Passing the time, Baltic style


A little summary of my activities since I left you.

At 3pm on Tuesday I was back in the dental saddle where the impossibly glamourous Doctor Anna installed a temporary crown on the tooth on which she had performed the the root canal. I hope to have the permanent one installed on Friday. Ominously as I was leaving she asked if I was in Poland until Saturday and what time my flight was. I hope she has no plan to invite me for early Saturday morning procedures. I am seeing the experimental rock band Son Lux in a shipyward warehouse on Friday night and I wanted to bare my shiny new teeth to all and sundry.

I arrived back to the old town and took a stroll to the World War 2 Museum in the old ship yard. It was horrifically upsetting and depressing. This country really suffered more than any other in the war. Some 18% o f the entire Polish population were slaughtered between 1939 and 1945 – including 3 million Polish Jews and 3 million ethnic Poles.
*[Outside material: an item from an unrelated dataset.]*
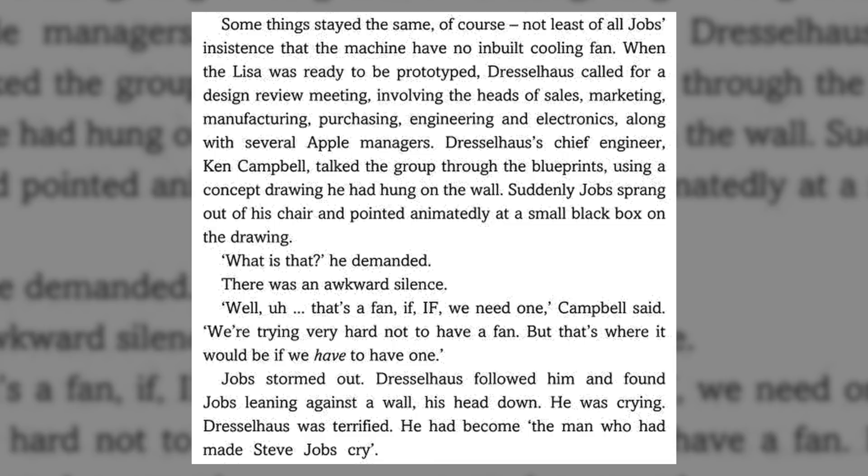It is no secret that Apple has always wanted their computers to be silent — well, most of their computers. There is even an account of Steve Jobs crying in frustration when he was told by an engineer that the Apple Lisa might require a fan.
I don’t know why I am surprised that it was so unpleasant – these chilling facts are already known to me. It’s a fascinating museum and well worth a visit. It’s also free on Tuesday.

After the museum I went for a pork dinner at an extraordinarily kitsch ‘olde worlde’ Polish restaurant called Restauracja Gdanska. The dinner was tasty – good, solid, filling northern European fair. I couldn’t finish it such was the portion size.
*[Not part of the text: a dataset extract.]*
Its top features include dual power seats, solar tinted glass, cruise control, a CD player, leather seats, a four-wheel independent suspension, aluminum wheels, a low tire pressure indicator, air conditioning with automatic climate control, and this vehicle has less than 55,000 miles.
After work today I went to the Maritime Museum, only to find it closes at 4pm on weekdays. As it was already 3.30 I decided to postpone my visit to another day. Considering its Baltic location and seafaring history I want to spend some quality time there.

Instead I went to the breathtakingly dull Archaeological Museum in the Old Town. The building in which it is situated is very grand but the exhibition is spirit crushingly dull. The ground floor featured an exhibition of ancient Sudanese artifacts. Luckily there were English translations alongside the Polish text. The first floor was a display of Stone Age and Bronze Age implements from the Gdansk region (which is called Pomerania). The 2nd floor was a display of pieces from the late Bronze Age and Iron age. The displays of human skeletons and bones was a bit distracting. In typical style there were no English translations on this the most interesting floor. In total I spent about thirty minutes on three floors of the museum.

For my dinner I went to an Italian restaurant that is the second highest rated Gdansk restaurant according to TripAdvisor. Tucked away on a side street of the old town it is called Bistro Glowne Miasto. It only seats about twenty. I arrived early so nabbed a table. I was in luck as by 6.30 it was full and they were turning hordes of new arrivals away. I felt momentarily guilty for taking up a table meant for two. I quickly rid myself of that thought – if the restaurant does not cater for the solo diner then that’s not my problem. The food was spectacular. I had baked olives in an orange sauce for starter ; and Tuscan salmon on a beetroot base for the main.washed down with a glass of chardonnay. Because I’m classy.

After dinner I did a very bad thing. I took a stroll to the Forum Gdansk. This is a sparking new behemoth of a shopping centre on the edge of  Old Town. This ode to capitalist consumption was like stepping out of Poland into some vague, unidentifiable land. I swear there wasn’t a single Polish shop in the entire place,  as it was all dreary brand names. I purchased a set of three pairs of funky socks and made my way back to my humble garret where I am write this tale for your delectation.

It’s day four now. While Polish people are friendly and pleasant, I think I am reaching my limit. I enjoy my own company but I suspect that after four days a craving for proper human interaction kicks in. While Doctor Anna, is lovely I am slightly terrified of her needles and drills. A few more day and my new mouth will be ready to face the world.